The good news: healing is possible. A first step is acknowledging abuse occurred and articulating what has been silenced. Putting the experience into words is freeing for many men, whether they tell a loved one, a professional, a confidant, or simply write in a journal. Beyond that, there are several options. Knowledgeable professionals can help, as can healing retreats, some 12-Step programs, and men’s groups focused on victimization and masculinity. The Internet offers several options, including web sites for sexually abused men such as, where men can find one another and talk, anonymously if necessary, about their common dilemmas.

male survivors … triggers and self care: a re-blog

I counsel women, most often regarding domestic abuse and sexual trauma, so when I initially put this site together I had no idea that so many male survivors would be reading it, and that it would be helping and encouraging them as well.  For all of the wonderful men who are following my blog, this is for you.  My heart is broken by your stories, and I am humbled by your trust.

Sandusky, Triggers, and Self-Care

Some things you can do if news coverage of abuse stories is triggering you.
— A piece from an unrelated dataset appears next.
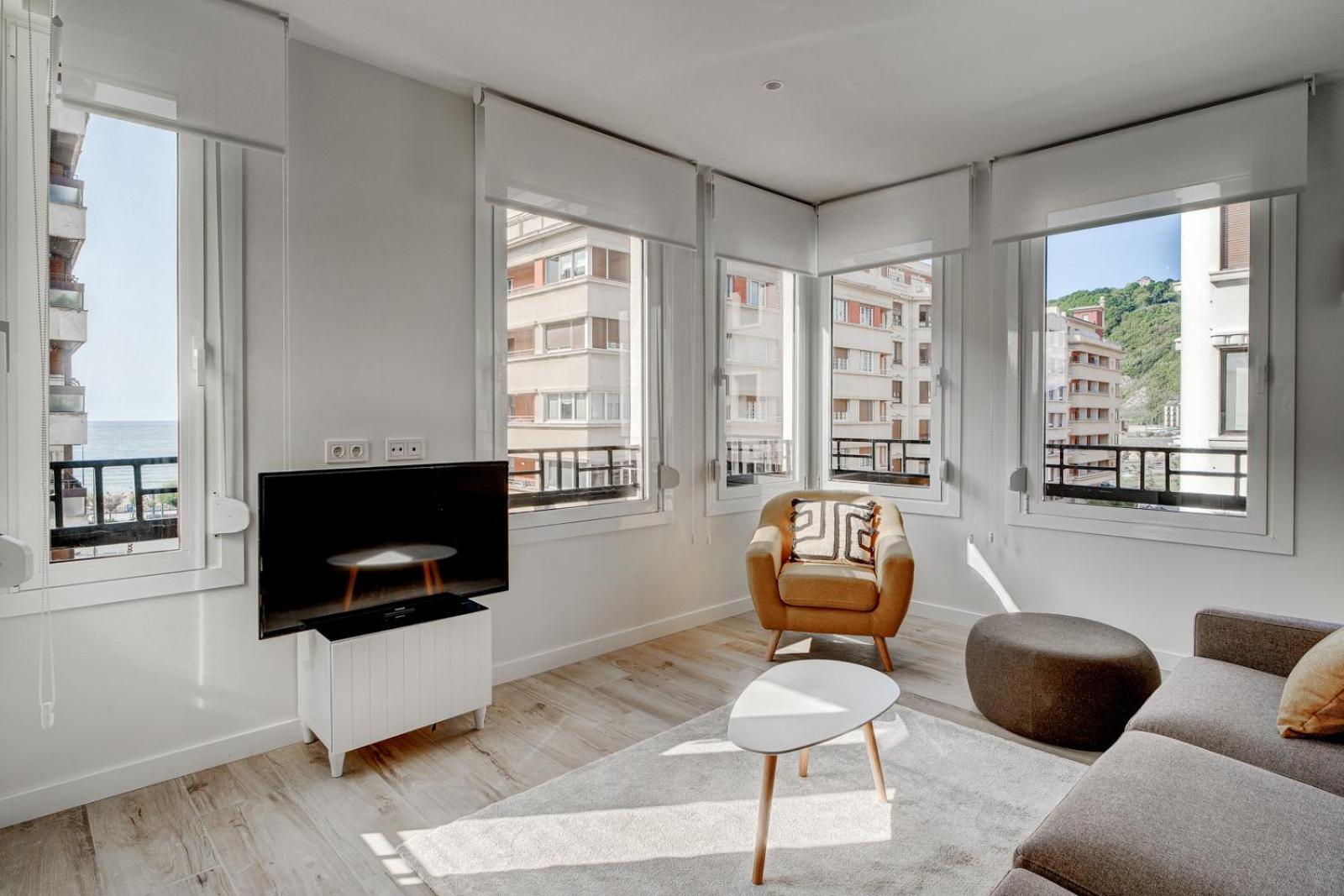 Appartement Gran Via By Sanse Holidays Saint-Sébastien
Feeling powerless can be a major trigger for many survivors. So too is the feeling that your voice is not going to be heard or your thoughts are not important. The current coverage of the Sandusky trial (and the other stories that are sure to follow) can easily to give rise to these feelings. Since the start I know I’ve struggled with both these feelings and it’s very likely that a lot of other survivors and their loved ones will be triggered as well. As the Sandusky trial focuses society’s attention to the issue of sexual abuse, it is also inevitable that someone is going to say something (or not say something) that will send someone else into a spiral of anger, frustration, sadness, or even fear.

My hope in posting this information with you is to share a few things:

1. What does being triggered feel like?,

2. What can I do if I feel I’m becoming triggered and/or feeling overwhelmed?, and

3. What can I do to make a difference?

What does being triggered feel like?

Getting triggered does not give rise to a simple, uniform set of symptoms that can be easily labeled. Everyone (survivor or not) presents a unique blend of emotions and reactions to any given stimulus. But, if you find yourself struggling with more negative emotions than usual—anger, sadness, anxiety, bitterness, etc., if you are noticing that things that normally do not bother you are becoming stressors (for example, maybe you are more irritable in traffic than normal); and/or if you find yourself pushing others away and wanting to be alone—these can all be signs that you might be upset and need to take some time to rest, reflect, and exercise some self care.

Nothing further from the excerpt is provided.